Reputation: 10798
This code takes 9 minutes to run for a set of 5,600 objects:
public Set<UnDirectedPair<T>> getAllUndirectedPairs(Set<T> setObjects) {
Set<T> setObjectsProcessed = new TreeSet();
Set<UnDirectedPair<T>> setPairs;
setPairs = new TreeSet();
Iterator<T> setObjectsIteratorA = setObjects.iterator();
Iterator<T> setObjectsIteratorB;
T currTA;
T currTB;
while (setObjectsIteratorA.hasNext()) {
currTA = setObjectsIteratorA.next();
setObjectsProcessed.add(currTA);
setObjectsIteratorB = setObjects.iterator();
while (setObjectsIteratorB.hasNext()) {
currTB = setObjectsIteratorB.next();
if (!setObjectsProcessed.contains(currTB) && !currTA.equals(currTB)) {
setPairs.add(new UnDirectedPair(currTA, currTB));
}
}
setObjectsProcessed.add(currTA);
}
return setPairs;
}
Looking for a way to dramatically reduce the running time... ideas?
[BACKGROUND] The set contains Persons. There are duplicates in the set (same persons, but with slightly different attributes because errors at input time). I have methods which take 2 Persons and make the necessary corrections. So, as a preliminary step, I need to create a Set of Pairs of (Person, Person) which will be fed to these methods.
Upvotes: 0
Views: 987
Reputation: 10798
Thanks for good suggestions.
The basic impairment was my class UnDirectedPair
which had expensive equals
and compareTo
methods. I replaced it with a stripped bare Pair class.

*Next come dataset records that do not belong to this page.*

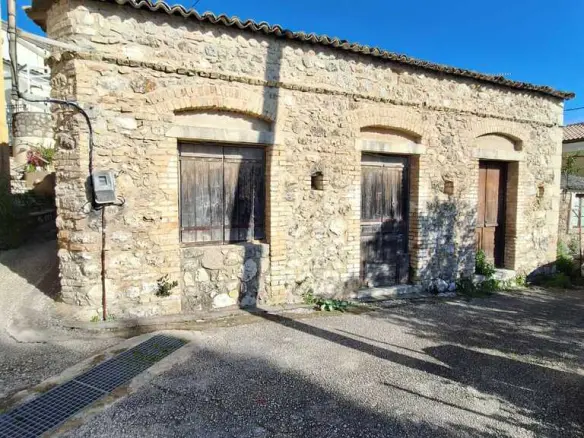 Detached House Of 101 M² In Corfu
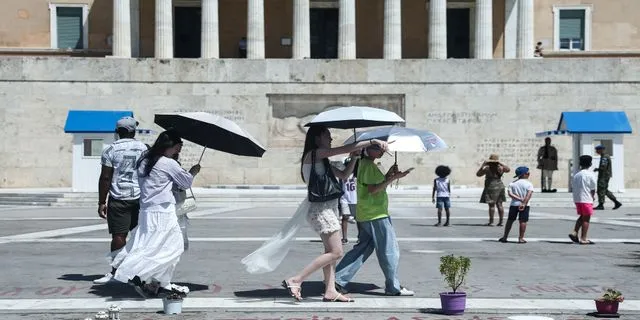 Θα δροσίσει ποτέ στην Αθήνα;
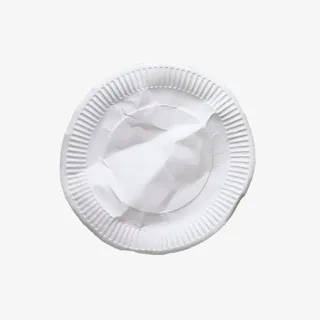 白色揉皱纸盘子免抠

This got the code to run in approx 10s.
Still, using operations on sets seemed costly. With @mawia suggestion modified a bit, sets can be left completely out of the picture. The final code runs in under 2 seconds instead of 9mn 40s - returning a list of 19,471,920 Pair objects!!
public List<Pair<T>> getAllUndirectedPairsAsList(Set<T> setObjects) {
List<T> listObjects = new ArrayList();
listObjects.addAll(setObjects);
List<Pair<T>> listPairs = new ArrayList();
Iterator<T> listIterator1 = listObjects.listIterator();
Iterator<T> listIterator2;
int count = 1;
T object1;
while (listIterator1.hasNext()) {
object1 = listIterator1.next();
listIterator2 = listObjects.listIterator(count++);
while (listIterator2.hasNext()) {
listPairs.add(new Pair(object1, listIterator2.next()));
}
}
return listPairs;
}
Upvotes: 0
Reputation: 9349
One trick I will suggest will be to maintain counter of both outer and inner loop.
int outerCount=0;
while (setObjectsIteratorA.hasNext()) {
currTA = setObjectsIteratorA.next();
setObjectsProcessed.add(currTA);
setObjectsIteratorB = setObjects.iterator();
int innerCount=0;
while (setObjectsIteratorB.hasNext()) {
currTB = setObjectsIteratorB.next();
if (innerCount++>outerCount && !currTA.equals(currTB)) {
setPairs.add(new UnDirectedPair(currTA, currTB));
}
}
outerCount++;
setObjectsProcessed.add(currTA);
}
return setPairs;
This will save last contains,a logN, operation.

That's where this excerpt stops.